I don't think she's done a bad job at Facebook. She's actually done a great
job at selling ads - that's something she's been doing very well for 11 years
now.

But a company like Facebook doesn't come along often, and when you're the COO
of Facebook you owe it to your employees, your investors, your industry, and
the world to attempt to create entirely new ways of doing things. There was no
real creativity in the Facebook monetization solution - which sucks because up
to that point Facebook was one of the most creative technology companies.

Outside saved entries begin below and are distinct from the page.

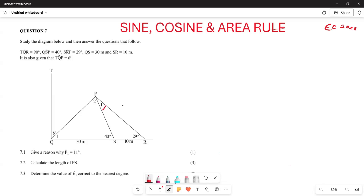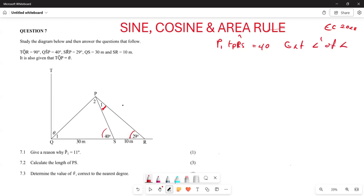They want us to find the reason why angle NLP1 is close to 11 degrees. Looking at the diagram, this angle is equal to the sum of the interior angles — specifically, angle P1 plus angle PRS equals 40 degrees. The reason is that it is the exterior angle of a triangle, so NLP1 is approximately 11 degrees.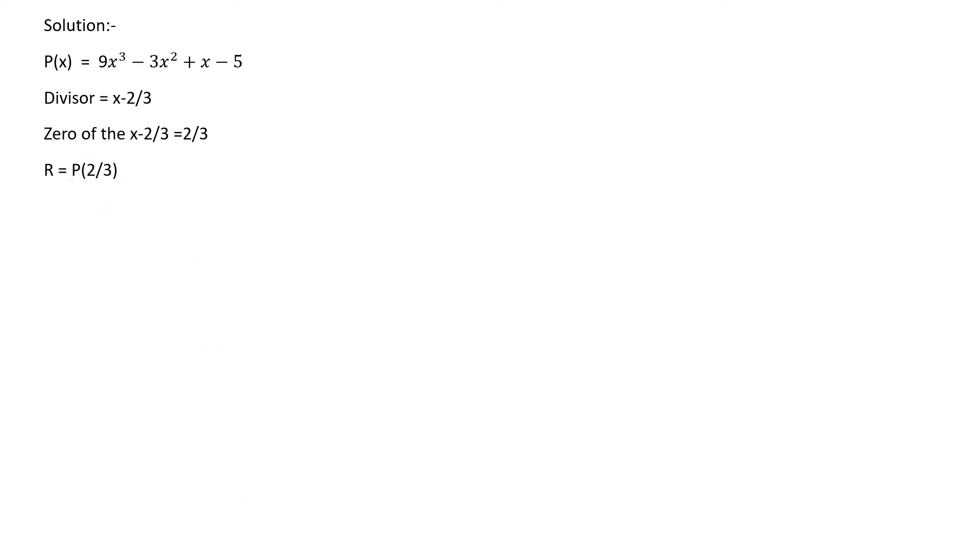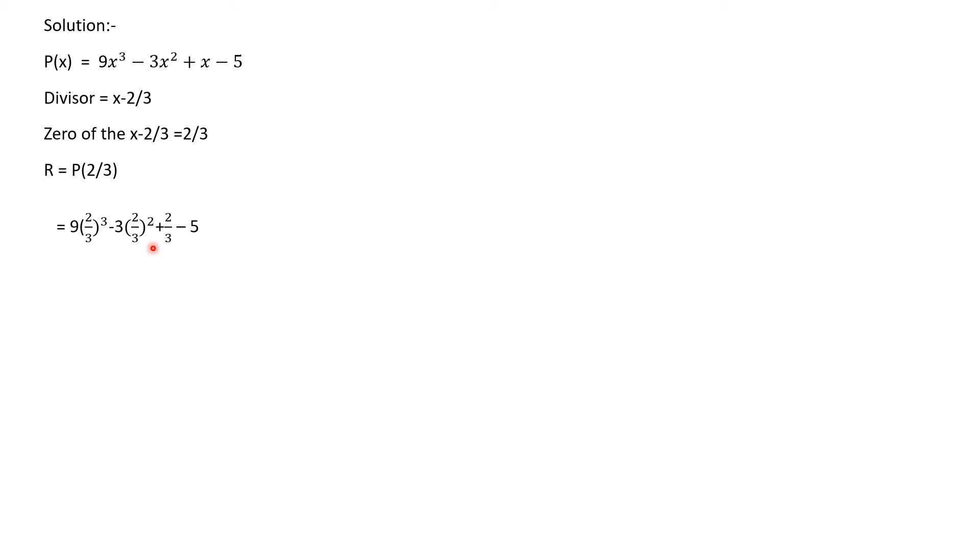Now substituting 2/3 in place of x in the polynomial p(x), the step becomes 9(2/3)³ - 3(2/3)² + 2/3 - 5. The next step becomes (2/3)³ = 8/27 minus (2/3)² = 4/9 plus 2/3 minus 5.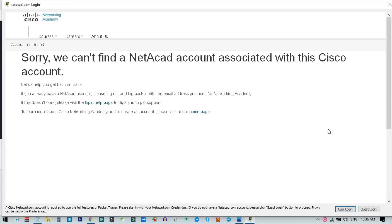Hi everyone. After you login to your Cisco Packet Tracer, you might see a screen saying your Cisco account is not associated with the NetAcad account. In this video, I will show you how you can fix this error, and this is very quick and very easy.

But blaming Sandberg for selling advertising is like blaming Elton John for
selling music. It's what she does. Sandberg didn't make any real mistakes -
she did the job she was hired to do. Facebook made the mistakes by letting her
decide how to monetize.

------
brown9-2
1\. _And with that, an entire industry was born. But two years later, Sandberg
promptly killed it._

What did Sandberg actually kill here? Isn't the "operating system" referred to
in the quote the overall Facebook platform, which still exists?

2\. Is app.net really a success just because the kickstarter was funded?
That's a bit hyperactive. Let's hold off judgment until a year or two and see
if their revenues are larger than their costs.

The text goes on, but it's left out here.